Avez-vous jamais observé ce mouvement parallèle de la pensée ? Les grammaires vous diront que JE est la première personne, pronom singulier etc. mais au fond ce n'est pas là ce que vous désirez savoir. Pouvez-vous regarder cette chose que vous appelez JE : c'est une notion très évanescente : observez-la maintenant, ressentez-la, touchez-la et donnez m'en des nouvelles. Comment l'observez-vous ? Et qui est cela en train de regarder ce que vous appelez JE. C'est là le problème crucial. Celui qui observe ce que vous appelez JE est effectivement le JE. Il crée une illusoire division de lui-même entre sujet et objet et c'est cette division qui lui confère une continuité. C'est en fait une nature divisionnelle qui opère en vous dans votre conscience. La continuité de sa propre existence est tout ce qui l'intéresse. Aussi longtemps que vous voudrez comprendre ce « vous » ou le transformer en une entité spirituelle, une entité sainte, belle ou merveilleuse, ce vous va continuer. Si vous ne vous souciez pas de l'entretenir, il n'est plus là, il a disparu...
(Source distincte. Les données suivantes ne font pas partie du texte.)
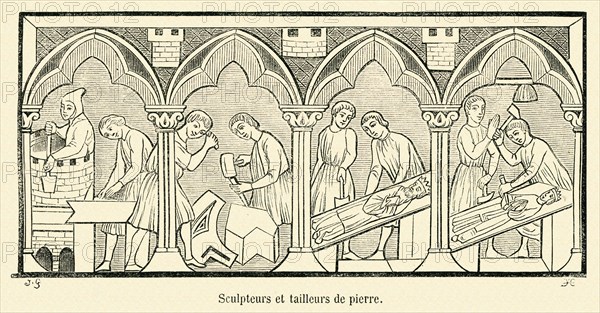 Sculpteurs et tailleurs de pierre.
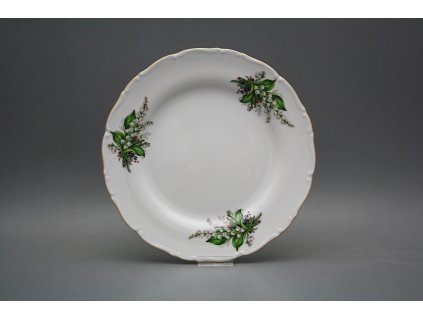 Talíř mělký 25cm Ofélie Konvalinky CGL č. 1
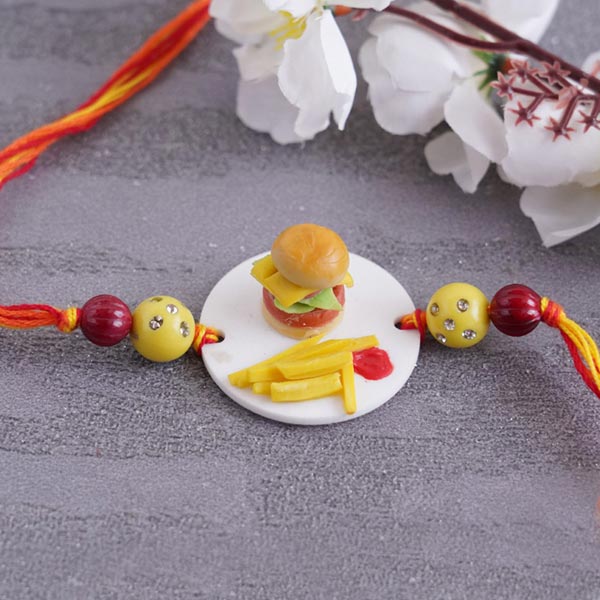 Burger Meal Rakhi for Kids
Comment comprenez-vous ce que je viens de dire ? J'ai fait cet exposé à toutes fins utiles : « Ce qui est observé n'est pas autre que celui qui observe ». Que ferez-vous pratiquement d'un tel énoncé ? Quel instrument avez-vous à votre disposition pour saisir ce non-sens, cet expose illogique, irrationnel ? Vous allez penser. Par la vole de la pensée, vous ne pourrez rien comprendre. Vous traduisez ce que j'ai dit en termes d'une connaissance que vous possédez déjà comme vous le faites d'ailleurs pour tout le reste afin d'en tirer quelque chose. Quand vous cesserez de procéder de cette manière ce que j'ai décrit sera mis en oeuvre. L'absence de toute intervention - effort pour comprendre ou pour vous transformer - est effectivement l'état d'être que j'ai décrit.


Y a-t-il un au-delà ? Parce que vous ne vous intéressez pas au quotidien ni a ce qui se passe autour de vous, vous avez inventé ce que l'on appelle l'au-delà, l'Intemporel, Dieu, la Vérité, la Réalité, Brahman, l'Illumination et que sais-je encore ? et vous êtes à la recherche de cela. Mais il se peut qu 'il n'y ait pas d'au-delà... Vous ne savez absolument rien de cet « au-delà » ; ce que vous savez, c'est ce qu'on vous a dit et c'est cette connaissance que vous projetez et c'est de cette connaissance que vous ferez l'expérience : la connaissance crée l'expérience et l'expérience vient renforcer la « connaissance ».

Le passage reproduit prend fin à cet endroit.